▶ _Work instructions_: Please restate, word for word, the lines below that begin at the one with "阿布辛贝尔古埃及拉姆西斯二世神庙外 有巨大的雕像和象形文字 — 图库照片" and end at the one with "Kobbie Mainoo durante". Leave out all other lines.

▶ _Data excerpts_:
======
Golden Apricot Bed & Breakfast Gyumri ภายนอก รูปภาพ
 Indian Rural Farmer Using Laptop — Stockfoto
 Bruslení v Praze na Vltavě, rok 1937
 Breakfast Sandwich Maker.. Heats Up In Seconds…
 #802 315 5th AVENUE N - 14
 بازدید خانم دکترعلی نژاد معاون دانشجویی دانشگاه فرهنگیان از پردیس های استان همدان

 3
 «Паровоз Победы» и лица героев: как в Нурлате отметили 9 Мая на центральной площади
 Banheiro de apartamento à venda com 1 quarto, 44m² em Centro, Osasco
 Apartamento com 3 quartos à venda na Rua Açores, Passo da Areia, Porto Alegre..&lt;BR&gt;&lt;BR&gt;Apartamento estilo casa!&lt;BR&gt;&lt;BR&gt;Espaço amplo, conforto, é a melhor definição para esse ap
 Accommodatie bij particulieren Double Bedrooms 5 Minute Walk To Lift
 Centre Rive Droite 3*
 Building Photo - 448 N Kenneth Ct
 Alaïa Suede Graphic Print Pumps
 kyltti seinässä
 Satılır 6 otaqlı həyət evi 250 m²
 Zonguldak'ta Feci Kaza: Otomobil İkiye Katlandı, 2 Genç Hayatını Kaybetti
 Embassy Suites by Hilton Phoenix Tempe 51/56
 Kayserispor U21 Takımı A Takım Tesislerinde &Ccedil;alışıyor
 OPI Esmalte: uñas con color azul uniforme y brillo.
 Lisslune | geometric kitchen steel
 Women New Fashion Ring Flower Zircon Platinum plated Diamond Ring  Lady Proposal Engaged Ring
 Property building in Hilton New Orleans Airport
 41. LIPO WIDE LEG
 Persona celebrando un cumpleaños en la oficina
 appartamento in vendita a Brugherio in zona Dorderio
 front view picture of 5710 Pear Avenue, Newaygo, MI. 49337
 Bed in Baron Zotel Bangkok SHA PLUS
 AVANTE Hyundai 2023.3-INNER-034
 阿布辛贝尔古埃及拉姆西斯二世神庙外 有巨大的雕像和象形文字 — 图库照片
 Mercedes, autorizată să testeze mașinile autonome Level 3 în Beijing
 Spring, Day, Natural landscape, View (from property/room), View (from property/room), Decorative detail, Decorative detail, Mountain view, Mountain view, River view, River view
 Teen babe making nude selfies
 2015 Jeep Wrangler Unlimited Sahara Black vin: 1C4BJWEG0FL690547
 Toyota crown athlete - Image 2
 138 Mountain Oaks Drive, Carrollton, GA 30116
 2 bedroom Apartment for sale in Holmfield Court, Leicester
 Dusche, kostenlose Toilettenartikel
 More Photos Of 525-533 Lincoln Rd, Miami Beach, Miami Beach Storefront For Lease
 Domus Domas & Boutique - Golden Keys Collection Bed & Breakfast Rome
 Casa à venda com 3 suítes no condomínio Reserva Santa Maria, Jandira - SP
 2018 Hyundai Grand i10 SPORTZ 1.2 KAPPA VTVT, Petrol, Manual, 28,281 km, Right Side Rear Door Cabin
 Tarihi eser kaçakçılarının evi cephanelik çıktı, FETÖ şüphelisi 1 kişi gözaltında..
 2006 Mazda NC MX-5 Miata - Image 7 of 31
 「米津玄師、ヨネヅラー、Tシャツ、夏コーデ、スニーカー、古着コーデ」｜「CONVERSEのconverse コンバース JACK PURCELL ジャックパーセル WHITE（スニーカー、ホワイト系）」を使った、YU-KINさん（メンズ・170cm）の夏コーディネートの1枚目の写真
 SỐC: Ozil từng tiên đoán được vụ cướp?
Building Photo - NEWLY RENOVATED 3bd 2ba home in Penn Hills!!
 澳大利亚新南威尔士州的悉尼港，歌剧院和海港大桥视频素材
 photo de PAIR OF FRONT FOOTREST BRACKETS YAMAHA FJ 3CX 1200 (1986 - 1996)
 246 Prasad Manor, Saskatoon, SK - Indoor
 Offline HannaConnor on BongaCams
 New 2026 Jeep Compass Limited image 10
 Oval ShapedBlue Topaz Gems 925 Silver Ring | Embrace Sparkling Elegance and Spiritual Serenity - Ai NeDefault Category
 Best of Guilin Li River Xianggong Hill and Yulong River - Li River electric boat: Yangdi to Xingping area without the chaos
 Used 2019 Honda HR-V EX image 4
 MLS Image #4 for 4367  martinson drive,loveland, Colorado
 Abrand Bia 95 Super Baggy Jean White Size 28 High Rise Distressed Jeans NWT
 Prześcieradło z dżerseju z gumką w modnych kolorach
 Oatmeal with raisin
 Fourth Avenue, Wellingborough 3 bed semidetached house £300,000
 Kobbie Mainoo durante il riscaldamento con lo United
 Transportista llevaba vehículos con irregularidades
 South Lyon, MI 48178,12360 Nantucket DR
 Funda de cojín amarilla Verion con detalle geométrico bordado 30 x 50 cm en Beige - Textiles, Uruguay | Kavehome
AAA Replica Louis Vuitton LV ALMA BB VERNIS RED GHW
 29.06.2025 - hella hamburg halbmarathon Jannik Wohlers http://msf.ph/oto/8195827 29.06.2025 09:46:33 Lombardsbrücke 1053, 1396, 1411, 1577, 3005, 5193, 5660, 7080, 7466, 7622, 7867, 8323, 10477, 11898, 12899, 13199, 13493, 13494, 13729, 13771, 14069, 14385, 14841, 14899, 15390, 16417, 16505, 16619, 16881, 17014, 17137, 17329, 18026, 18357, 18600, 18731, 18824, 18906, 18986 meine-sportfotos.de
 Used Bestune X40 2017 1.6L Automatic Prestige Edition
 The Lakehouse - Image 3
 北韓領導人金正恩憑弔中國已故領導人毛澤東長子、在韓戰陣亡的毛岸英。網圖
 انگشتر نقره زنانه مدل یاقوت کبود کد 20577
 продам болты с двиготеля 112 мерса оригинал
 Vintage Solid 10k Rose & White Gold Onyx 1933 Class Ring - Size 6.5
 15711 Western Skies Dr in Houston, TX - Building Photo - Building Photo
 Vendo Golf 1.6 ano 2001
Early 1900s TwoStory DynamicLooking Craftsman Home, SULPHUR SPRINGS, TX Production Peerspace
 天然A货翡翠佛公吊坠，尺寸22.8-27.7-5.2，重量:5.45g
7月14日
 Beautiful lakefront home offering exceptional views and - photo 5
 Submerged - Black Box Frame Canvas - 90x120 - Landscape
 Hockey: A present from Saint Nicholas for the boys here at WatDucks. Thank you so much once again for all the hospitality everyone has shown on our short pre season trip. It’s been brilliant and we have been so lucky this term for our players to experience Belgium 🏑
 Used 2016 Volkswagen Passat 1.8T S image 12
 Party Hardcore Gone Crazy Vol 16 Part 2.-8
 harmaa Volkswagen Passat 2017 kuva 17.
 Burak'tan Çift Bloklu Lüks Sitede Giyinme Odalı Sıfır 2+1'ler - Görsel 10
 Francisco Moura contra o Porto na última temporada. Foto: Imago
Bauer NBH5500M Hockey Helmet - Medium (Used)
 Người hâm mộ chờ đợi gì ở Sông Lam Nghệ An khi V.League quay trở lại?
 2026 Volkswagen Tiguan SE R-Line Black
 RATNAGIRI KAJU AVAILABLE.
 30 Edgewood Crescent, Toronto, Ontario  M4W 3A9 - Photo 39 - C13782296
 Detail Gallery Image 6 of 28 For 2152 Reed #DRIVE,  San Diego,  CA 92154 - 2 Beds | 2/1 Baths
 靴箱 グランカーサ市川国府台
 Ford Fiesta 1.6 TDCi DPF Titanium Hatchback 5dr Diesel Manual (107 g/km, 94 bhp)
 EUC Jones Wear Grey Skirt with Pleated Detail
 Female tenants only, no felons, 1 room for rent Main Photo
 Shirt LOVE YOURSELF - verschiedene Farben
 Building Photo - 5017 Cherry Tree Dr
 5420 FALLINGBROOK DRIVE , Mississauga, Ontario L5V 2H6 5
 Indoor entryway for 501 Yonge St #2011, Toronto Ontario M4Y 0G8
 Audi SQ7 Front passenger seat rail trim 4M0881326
======
▶ _Written solution_:
 阿布辛贝尔古埃及拉姆西斯二世神庙外 有巨大的雕像和象形文字 — 图库照片
 Mercedes, autorizată să testeze mașinile autonome Level 3 în Beijing
 Spring, Day, Natural landscape, View (from property/room), View (from property/room), Decorative detail, Decorative detail, Mountain view, Mountain view, River view, River view
 Teen babe making nude selfies
 2015 Jeep Wrangler Unlimited Sahara Black vin: 1C4BJWEG0FL690547
 Toyota crown athlete - Image 2
 138 Mountain Oaks Drive, Carrollton, GA 30116
 2 bedroom Apartment for sale in Holmfield Court, Leicester
 Dusche, kostenlose Toilettenartikel
 More Photos Of 525-533 Lincoln Rd, Miami Beach, Miami Beach Storefront For Lease
 Domus Domas & Boutique - Golden Keys Collection Bed & Breakfast Rome
 Casa à venda com 3 suítes no condomínio Reserva Santa Maria, Jandira - SP
 2018 Hyundai Grand i10 SPORTZ 1.2 KAPPA VTVT, Petrol, Manual, 28,281 km, Right Side Rear Door Cabin
 Tarihi eser kaçakçılarının evi cephanelik çıktı, FETÖ şüphelisi 1 kişi gözaltında..
 2006 Mazda NC MX-5 Miata - Image 7 of 31
 「米津玄師、ヨネヅラー、Tシャツ、夏コーデ、スニーカー、古着コーデ」｜「CONVERSEのconverse コンバース JACK PURCELL ジャックパーセル WHITE（スニーカー、ホワイト系）」を使った、YU-KINさん（メンズ・170cm）の夏コーディネートの1枚目の写真
 SỐC: Ozil từng tiên đoán được vụ cướp?
Building Photo - NEWLY RENOVATED 3bd 2ba home in Penn Hills!!
 澳大利亚新南威尔士州的悉尼港，歌剧院和海港大桥视频素材
 photo de PAIR OF FRONT FOOTREST BRACKETS YAMAHA FJ 3CX 1200 (1986 - 1996)
 246 Prasad Manor, Saskatoon, SK - Indoor
 Offline HannaConnor on BongaCams
 New 2026 Jeep Compass Limited image 10
 Oval ShapedBlue Topaz Gems 925 Silver Ring | Embrace Sparkling Elegance and Spiritual Serenity - Ai NeDefault Category
 Best of Guilin Li River Xianggong Hill and Yulong River - Li River electric boat: Yangdi to Xingping area without the chaos
 Used 2019 Honda HR-V EX image 4
 MLS Image #4 for 4367  martinson drive,loveland, Colorado
 Abrand Bia 95 Super Baggy Jean White Size 28 High Rise Distressed Jeans NWT
 Prześcieradło z dżerseju z gumką w modnych kolorach
 Oatmeal with raisin
 Fourth Avenue, Wellingborough 3 bed semidetached house £300,000
 Kobbie Mainoo durante il riscaldamento con lo United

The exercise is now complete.